I never said that what you are talking about is utter foolishness, or unrelated, just that it does not not seem wise practice in the context of aikido. Irimi/tenkan is inherently rotational -- I just found some mechanics to describe what it does, so far with fair consistency so -- let's see now ...

I can't see his whole body in the first couple cuts since he is cut off at the waist, so I begin with the first cut where he is being pushed from the rear. In this case, the "front" foot for irimi purposes is the one toward the push (from the rear) and it is clear that he shifts the weight in irimi fashion toward that leg nearest the attacking force, and the leg away is clearly lightened almost to the point it comes off the ground. In other words the same Taijuuido weight transfer I described earlier, just going backwards into it, instead of forwards into it. His black clothing makes it impossible to see if or how he turns or disposes his hips in the shift. Tenkan does not seem to be terribly involved, certainly not in the integrated way it combines with the irimi in aikido. Although he does use limb and torso rotations in the vertical plane to generate these forces.

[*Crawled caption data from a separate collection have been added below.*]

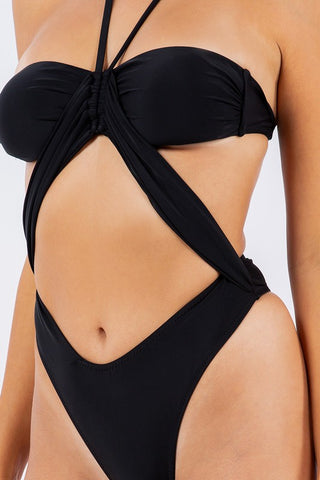 Hot Girl Dare To Bare Cutout Halter Neck One Piece Swimsuit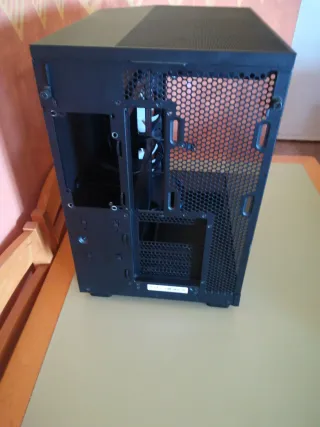 Caja PC Lian Li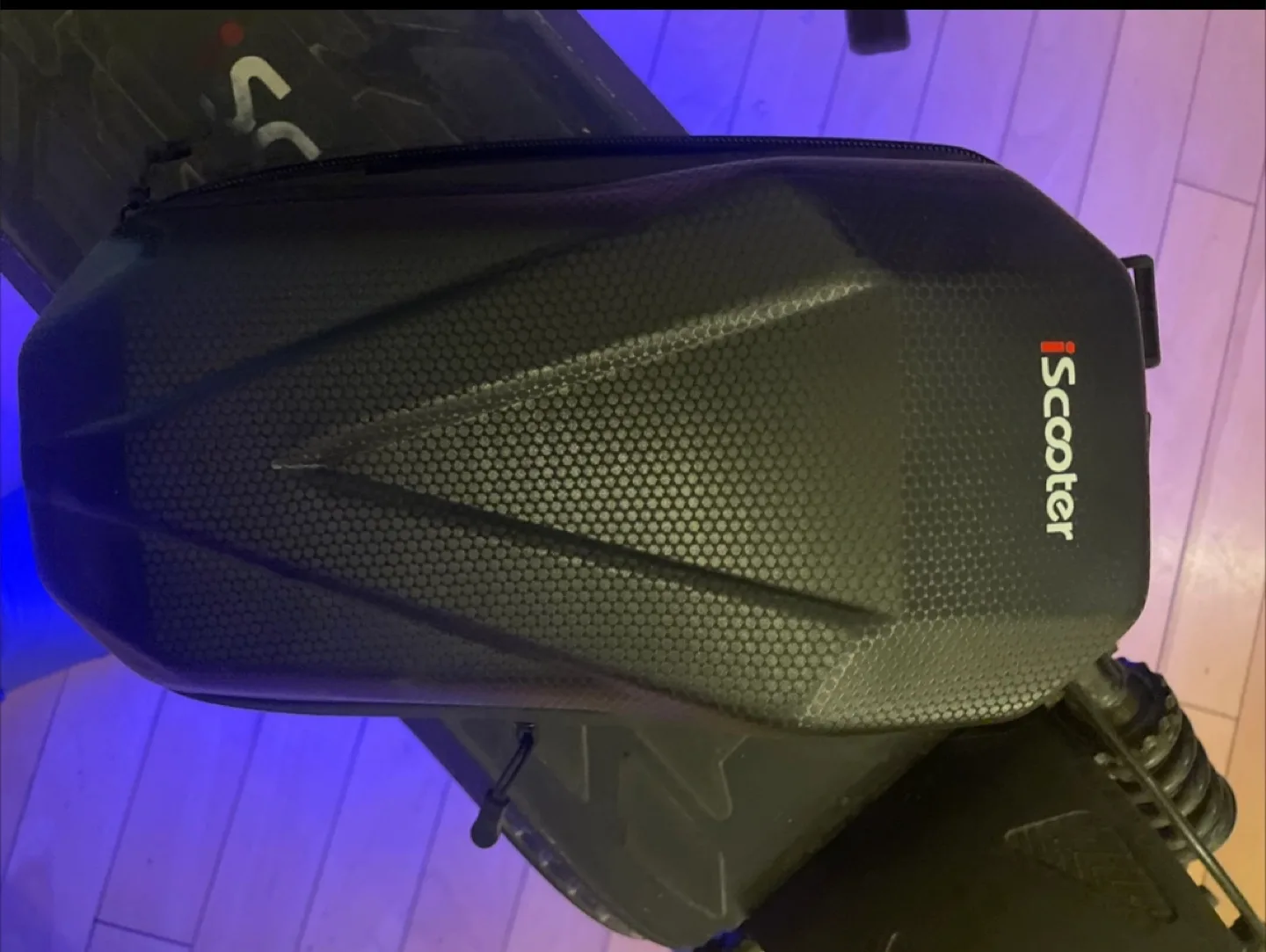 iScooter Electric Scooter thumbnail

The knee push is a straight forward irimi shift as I described, he just does not follow through. The side hip push is clearly weighting to the irimi side, too.

The single outstretched hand push is an irimi movement and the leg weighting and arm motions seem to be coordinated as I would expect an irimi to be, although with the "front leg" straight on it is hard to guage the shift directly toward the camera with the darkness of his pants.

The front hip push (parallel stance) is more of a sway back and "pop the pelvic bowstring" dynamic. Same with the parallel stance rear hip. If there is a turn on those I cannot see it because of his dark clothing. Definitely rotating the torso and legs in opposed rotation in the vertical plane forward or back at the hips in coordinated fashion That seems directly resistant, however, and does not answer to anything I would recognize as aikido movement. The side knee push is related to these in principle, but again, it too, seems directly resistant.

The double hand pushes are much more like typical kokyu tanden ho, but without any hip preference, the pushes go around his center and cancel one another out so there is no resistance in the way of Master Sum's direct forward entry. I have done this "frontal entry" with kokyu tanden ho both seated and standing also (granted, with far less constrained movement, and more rotary motion of the arms), although my ukes are generally not THAT compliant. But it is a training demo so exagerration of real action is alright to make it more evident.

That's what I see. Everything in the video seems consistent with irmi principle but not with non-resistant application of force. The irimi seems to use the vector offsets that Mike has talked about, so there is a certain component of resistance in all of these. The parallel stance front and rear hip pushes, and the side knee push I would not characterize as related to aikido even on the irimi principle.

All of it seems to have virtually no aspect of tenkan to it, and very little tangential connections to receive forces, except for the double arm push, perhaps. Since I see very little tenkan-type movements (other than that of the arms in the kokyu tanden motions), this does not surprise me. The mechanics that I have worked out would suggest that the tenkan element of the irimi/tenkan principle does the heavy lifting in converting incoming force from one plane or orientation by perpendicular or tangential inputs once a connection is made. Irimi puts one in a place to make or continue that necessary connection.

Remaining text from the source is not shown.